El informe destaca que cerca del 60% de las muertes documentadas durante la migración en los últimos diez años estuvieron relacionadas con ahogamientos, siendo el Mediterráneo el escenario principal de estas tragedias con más de 27.000 muertes registradas.
El año 2023 marcó un sombrío récord, con más de 8.500 fallecimientos, la cifra anual más alta hasta la fecha, según los registros de la OIM. Este año, 2024, no muestra signos de mejora, ya que, a pesar de una disminución en las llegadas, el número de muertes en el Mediterráneo casi iguala al mismo período del año anterior.
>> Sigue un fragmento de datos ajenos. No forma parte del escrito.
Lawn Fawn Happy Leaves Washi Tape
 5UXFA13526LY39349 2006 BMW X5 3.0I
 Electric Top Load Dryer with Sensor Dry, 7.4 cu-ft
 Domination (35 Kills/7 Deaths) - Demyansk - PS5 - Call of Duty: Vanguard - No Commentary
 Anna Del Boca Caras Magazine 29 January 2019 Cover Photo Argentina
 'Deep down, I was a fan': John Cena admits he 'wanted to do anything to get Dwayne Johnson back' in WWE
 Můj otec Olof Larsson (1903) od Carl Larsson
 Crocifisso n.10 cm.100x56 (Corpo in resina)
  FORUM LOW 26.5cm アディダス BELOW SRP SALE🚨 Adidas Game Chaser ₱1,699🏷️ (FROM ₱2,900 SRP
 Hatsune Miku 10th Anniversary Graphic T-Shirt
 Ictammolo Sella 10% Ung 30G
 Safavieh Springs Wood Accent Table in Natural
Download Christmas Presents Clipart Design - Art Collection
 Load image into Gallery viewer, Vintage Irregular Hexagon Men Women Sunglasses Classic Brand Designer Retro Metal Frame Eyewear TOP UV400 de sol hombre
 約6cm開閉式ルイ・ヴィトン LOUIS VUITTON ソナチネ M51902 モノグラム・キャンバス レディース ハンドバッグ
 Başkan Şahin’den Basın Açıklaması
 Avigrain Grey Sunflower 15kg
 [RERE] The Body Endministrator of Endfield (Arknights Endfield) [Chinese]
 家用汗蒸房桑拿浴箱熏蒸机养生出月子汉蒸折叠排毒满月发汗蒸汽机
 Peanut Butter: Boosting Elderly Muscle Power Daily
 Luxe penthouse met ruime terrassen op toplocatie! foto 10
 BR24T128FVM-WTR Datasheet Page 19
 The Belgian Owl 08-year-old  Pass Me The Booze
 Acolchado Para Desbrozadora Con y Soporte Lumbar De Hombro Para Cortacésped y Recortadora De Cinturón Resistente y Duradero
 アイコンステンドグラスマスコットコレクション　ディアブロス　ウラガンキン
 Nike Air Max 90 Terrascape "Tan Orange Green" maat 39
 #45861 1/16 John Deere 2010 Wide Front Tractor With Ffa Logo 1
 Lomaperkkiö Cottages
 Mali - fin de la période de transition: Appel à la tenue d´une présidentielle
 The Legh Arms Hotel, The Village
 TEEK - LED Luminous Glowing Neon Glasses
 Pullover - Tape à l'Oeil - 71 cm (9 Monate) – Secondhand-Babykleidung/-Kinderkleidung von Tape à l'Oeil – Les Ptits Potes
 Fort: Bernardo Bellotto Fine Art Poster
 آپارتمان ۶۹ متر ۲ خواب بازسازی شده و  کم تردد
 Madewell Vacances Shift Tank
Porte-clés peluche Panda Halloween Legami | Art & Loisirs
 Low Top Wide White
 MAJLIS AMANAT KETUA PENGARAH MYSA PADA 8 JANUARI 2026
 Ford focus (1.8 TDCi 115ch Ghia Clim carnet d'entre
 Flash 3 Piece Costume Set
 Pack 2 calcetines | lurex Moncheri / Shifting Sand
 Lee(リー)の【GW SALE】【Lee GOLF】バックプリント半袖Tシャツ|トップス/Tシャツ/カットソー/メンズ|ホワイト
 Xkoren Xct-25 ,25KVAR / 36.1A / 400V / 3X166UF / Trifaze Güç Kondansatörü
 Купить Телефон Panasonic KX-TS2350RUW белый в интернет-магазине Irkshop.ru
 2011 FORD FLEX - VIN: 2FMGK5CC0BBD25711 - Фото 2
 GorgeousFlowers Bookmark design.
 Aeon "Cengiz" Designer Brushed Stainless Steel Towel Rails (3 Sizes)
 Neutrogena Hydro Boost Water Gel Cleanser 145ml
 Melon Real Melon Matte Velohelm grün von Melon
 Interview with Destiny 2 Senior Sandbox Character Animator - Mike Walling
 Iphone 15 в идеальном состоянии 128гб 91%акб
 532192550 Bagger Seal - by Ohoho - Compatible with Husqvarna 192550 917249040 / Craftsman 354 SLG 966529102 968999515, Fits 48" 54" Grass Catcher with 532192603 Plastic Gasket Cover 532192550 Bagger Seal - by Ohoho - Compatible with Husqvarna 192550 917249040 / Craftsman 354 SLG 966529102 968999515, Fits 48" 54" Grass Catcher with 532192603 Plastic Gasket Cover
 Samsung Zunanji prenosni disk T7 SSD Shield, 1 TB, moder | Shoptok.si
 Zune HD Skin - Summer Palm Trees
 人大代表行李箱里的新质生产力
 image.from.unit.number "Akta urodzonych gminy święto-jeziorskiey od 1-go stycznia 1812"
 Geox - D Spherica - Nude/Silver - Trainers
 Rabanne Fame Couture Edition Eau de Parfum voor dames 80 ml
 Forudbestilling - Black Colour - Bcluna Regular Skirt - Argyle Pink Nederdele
Ante esta situación preocupante, la OIM ha lanzado su nuevo plan estratégico 2024-2028, priorizando la salvaguarda de vidas y la protección de las personas en movimiento como su principal objetivo. Sin embargo, la organización subraya que no puede abordar este desafío por sí sola y hace un llamamiento a los gobiernos para que refuercen las capacidades de búsqueda y rescate en el mar, faciliten vías de migración seguras y regulares, y tomen medidas enérgicas contra las redes de tráfico y trata de personas.